That first experience, when I was about 15, lasted for quite a while in my consciousness. Later in life, I discovered that I had to work at maintaining an awareness of God’s presence. I had to climb the mountain, so to speak, over and over again. I don’t always do that so well.
Many people have aids to climbing the mountain, be it devotions, theological reflection, meditation/contemplation practices and the like. I affirm them all. Do whatever works for you but do something.

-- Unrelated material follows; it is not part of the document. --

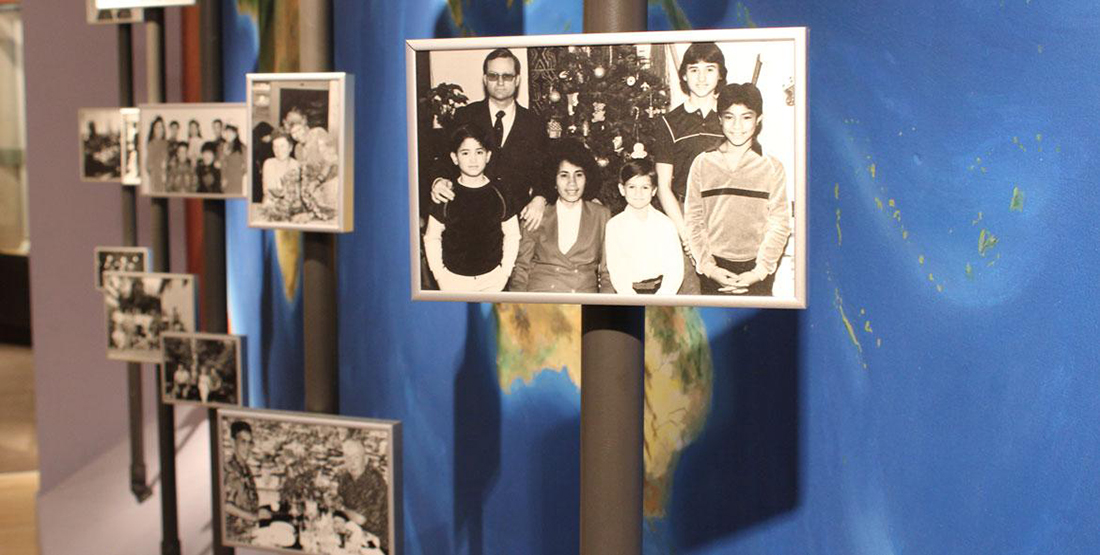 A close up view of family photographs within a museum display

Many people experience human life as emptiness. This can come after achieving what we had set out to achieve in our youth or after our failure to achieve it. That emptiness, I would say is because of the lack of awareness of God’s presence in our lives and the deep feeling of loneliness it engenders.
This Gospel presents a pathway to avoiding that loneliness: 1. Step out of our day-to-day routine to periodically climb the mountain. 2. Open ourselves to the presence of God and the excitement and “lifegivingness"which that experience brings. 3. Descend the mountain and return to our everyday lives. and, 4. Hold, in our hearts, the spiritual question raised by our experience.

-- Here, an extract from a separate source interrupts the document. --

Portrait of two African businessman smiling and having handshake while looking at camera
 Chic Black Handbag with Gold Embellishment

Abraham Heschel describes the Sabbath as such an experience, “a ‘sanctuary in time’ and a foretaste of the world to come.” (Marcus, J. (2009). Mark 8–16: A New Translation with Introduction and Commentary (Vol. 27A, p. 631). New Haven; London: Yale University Press.)
For Christians, our sanctuary in time and foretaste of the world to come is our Sunday observance.
Try to consciously open yourself to the mountaintop experience that the Mass can be in your life, let that be your expectation as you prepare for Mass. Then try to spend the rest of the day in a reflective attitude, whether that be with family and friends or in private. Try not to reenter the business of you life until you have to begin preparing for the next day.
During the week, try to look forward to your next sanctuary in time and foretaste of the world to come, your mountaintop experience.